Why Men and Women Have Different Responses to Gut-Health Conditions

Responses to Gut-Health Conditions

In case you haven’t noticed, men and women are not the same. Although the struggle for equality in the workplace and in society is a constant, the truth is, men and women are physiologically different. Like all things in nature, the differences between men and women can create balance and harmony.

So, what shouldn’t come as a surprise, but often does, is that the bodies of men and women respond differently to the same medical conditions. Furthermore, some conditions are more prevalent in women than in men, particularly gastrointestinal (GI) diseases and conditions. In these circumstances, men and women may present with a completely different set of symptoms when dealing with the same disorder.

Women, in general, have a more sensitive GI tract than men, starting with how they taste food and ending with how food empties through the colon. These biological differences have their purpose, but all point to the fact that GI diseases are more prevalent in women than in men. One positive difference is that women secrete less stomach acid into their esophagus than men do, because the muscle that controls the flow of food from the esophagus to the stomach is stronger in women than in men.
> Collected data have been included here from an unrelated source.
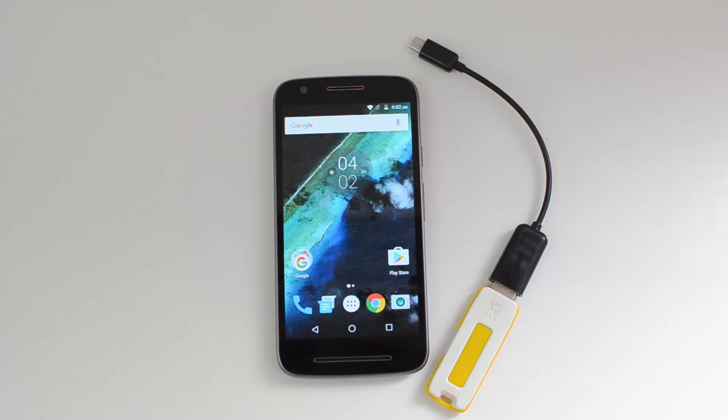Hello friends, this is Nirmal here for Technic, and in this video we're going to test out the USB OTG functionality of the Moto E3 Power.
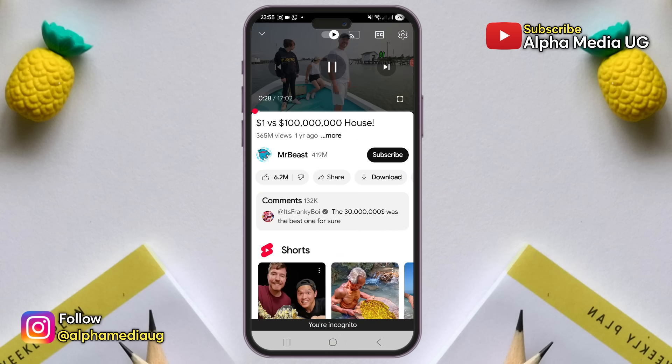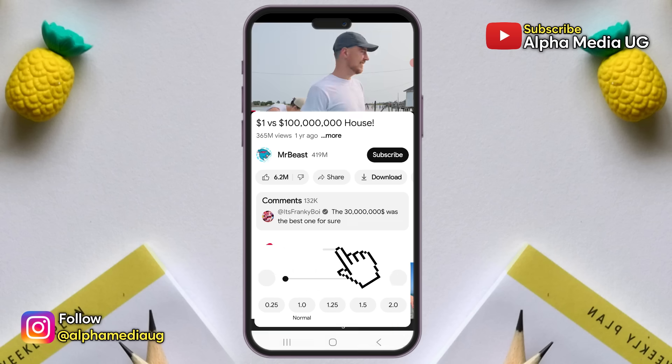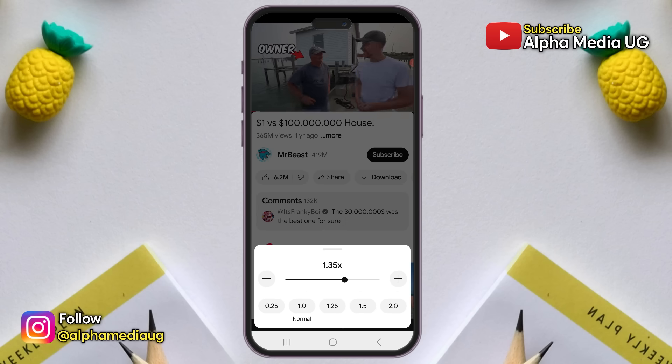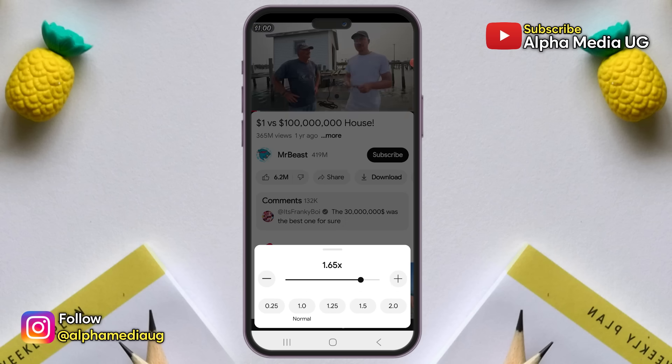Tap the settings icon at the top right corner of the video. Select playback speed, and this time you should be able to adjust the video speed normally.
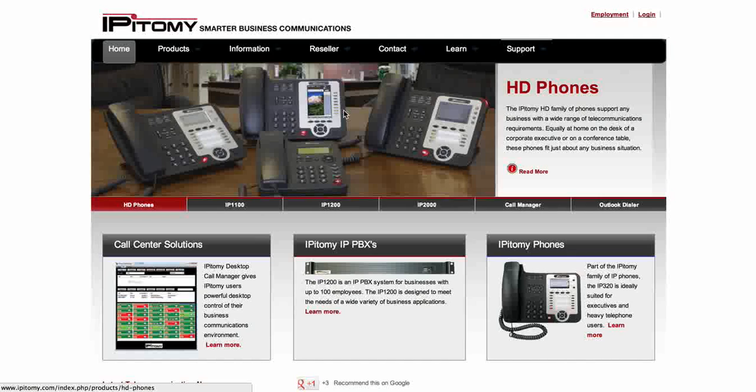Hi, my name is Matthew Bellisario. Welcome to Epitome Training. Today we're going to be covering call groups.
Although there is less overall damage to a woman’s esophagus, women do experience higher rates of heartburn. Women tend to be more sensitive to irritants, such as those found in coffee or spicy foods, which is why heartburn may be felt more strongly in women.

Women also empty food more slowly from their stomach than men. This process can lead to a condition called gastroparesis, or delayed gastric emptying. Gastroparesis affects the normal movement of stomach muscles and can lead to bloating, nausea, vomiting, and weight loss.

Gastritis is another condition that affects women more often than men. Gastritis is a term used for a group of conditions that cause an inflammation or erosion of the stomach lining. One of the causes of gastritis is the use of non-steroidal anti-inflammatory drugs (NSAIDs). While both men and women take NSAIDs, women are more likely to take these medications for menstrual cramps or headaches caused by hormonal fluctuations. Over time, these drugs may lead to irritation and even bleeding ulcers.

Three other conditions more likely to affect women than men are irritable bowel disease (IBD), which includes both Crohn’s disease and ulcerative colitis; irritable bowel syndrome (IBS); and colon cancer. IBS is two to six times more prevalent in women than men, IBD is twice as prevalent, and colon cancer is the number three cause of cancer in American women. Again, this may be associated with the hormonal changes women experience as they age. Constant bouts of diarrhea or constipation, gas, and abdominal pain are key symptoms that may be an indicator of something clinically significant.

All of these conditions can be addressed and alleviated through communication with your doctor and proper diet, exercise, and stress reduction. Being aware is the first step.